The optional parameters fraction (and seed) enable you to download a uniformly random subset of examples from the base data. As of this writing, this fraction is shared across all data partitions (train, validation, test, predict) listed in the locators. You can, of course, adjust the ESFs themselves to effect other forms of sampling.

Download

Download all the files and folders given in the locators of this data handle. If sampling and/or download of subset of columns was specified, those will be factored in accordingly.

download(self) → None

Returns:: None
Return type:: None

Example:

# Download the above COCO data handle
>>> dh_coco.download()
Downloading files ...

Notes:

For datasets that are not in-situ, it will print progress bars on the notebook for the download of the object files. It might take 1-2 minutes for the progress bars to appear because RapidFire AI needs to process the downloaded ESFs first before downloading objects.

Note that download() is a blocking operation, i.e., you cannot run any other operation (experiment op or another data handle download) on the cluster while this operation is in progress.

All downloaded files will persist on the cluster through any number of cluster stop-restart cycles (see cluster ops <clusterops.rst> for details).

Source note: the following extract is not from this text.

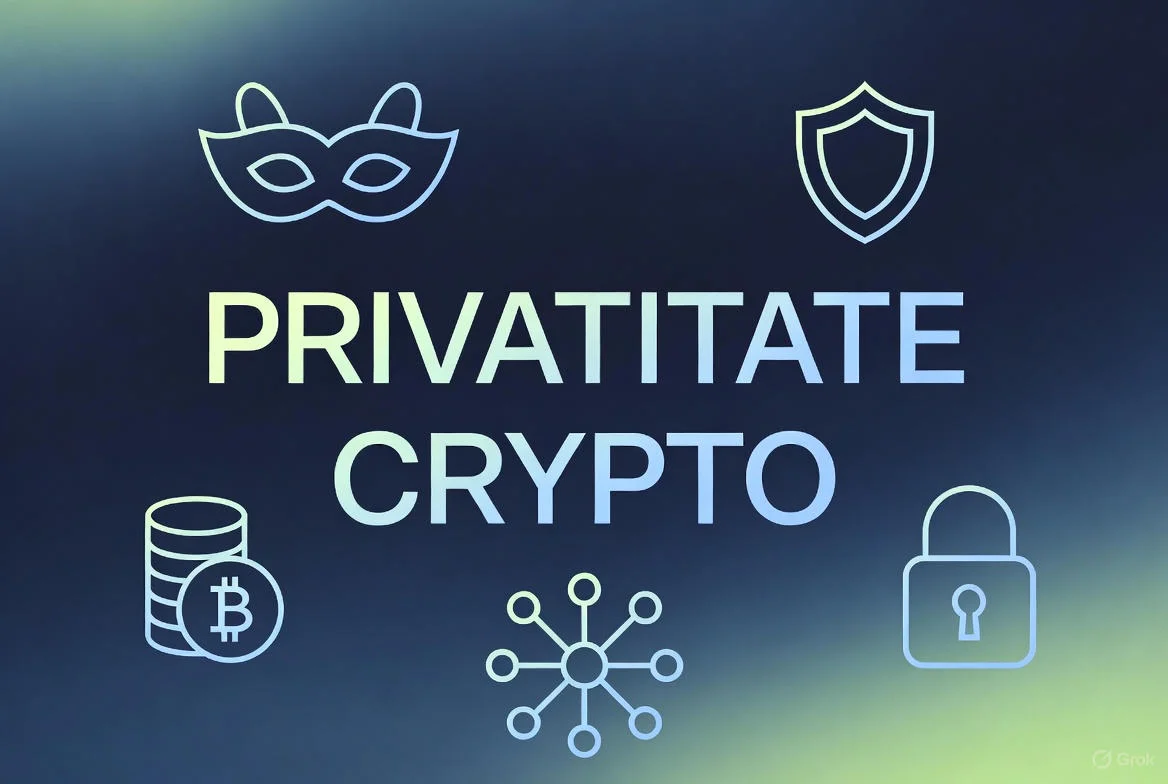 Privatitate în Crypto – Cum Rămâni Anonim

Atomicity and Idempotency:

This operation is atomic, i.e., either all locators get downloaded or the data handle will be marked as not ready for use. So, if something fails during the first download, an error message will be printed. You must rerun download and ensure it succeeds–or just create a different data handle.

Likewise, this operation is idempotent after first success, i.e., any future invocations will not do anything further. A class-internal bool is_downloaded is used to track this success status.

If you started a download by mistake and/or prefer to cancel it instead of waiting for it to finish, stop the cell running this function and then in a new cell run cancel_current(). Note that partially downloaded files may then be present on the cluster. We recommend explicitly invoking delete_local() (see below) to clean up wasted storage.

Delete Local

Delete the local copy on the cluster of all the files and folders downloaded as part of this data handle (if any). The original files on remote storage are not affected.

delete_local(self) → None

Returns:: None
Return type:: None

Example:

# Delete the local sampled files of the COCO dataset
>>> dh_coco.delete_local()
Deleting files ...

Notes:

This operation is not blocking and not atomic. So, if the first deletion does not finish successfully for whatever reason, we recommend running it again explicitly.

The primary use of this function is to save local storage space on your cluster. Running this on data handles that you no longer need will reduce the chances of you hitting your account’s cluster storage limit.

List

List all the data handles created on this cluster. This enables you to see the internally created IDs of all data handles, as well as their constructor arguments to be able to identify them.

list(self) → pd.DataFrame

Returns:: A pandas DataFrame with the following columns: handle_id, locators, download_columns, fraction, seed, is_downloaded
Return type:: pd.DataFrame

Example:

# List the data handles on this cluster
>>> DataHandle.list()

Notes:

This function is useful both to see the metadata of all data handles on the cluster and to re-obtain a lost in-memory data handle object, say, due to Internet disconnection or Jupyter reload. Pass the ID value listed here to get() (see below) to obtain that data handle object.

Get

Given a data handle ID, obtain an instance of the data handle object that was created before on this cluster.

get(self, handle_id: str) → pd.DataFrame

Parameters:: handle_id (str) – ID of a previously created data handle object
Returns:: A pandas DataFrame with the following columns: handle_id, locators, download_columns, fraction, seed, is_downloaded
Return type:: pd.DataFrame

Example:

# Get the data handle with ID "2"
>>> dh2 = DataHandle.get("2")

Notes:

This function is useful to re-obtain a lost in-memory data handle object, say, due to Internet disconnection or Jupyter reload. Pass an ID value noted from list() above to get that data handle object.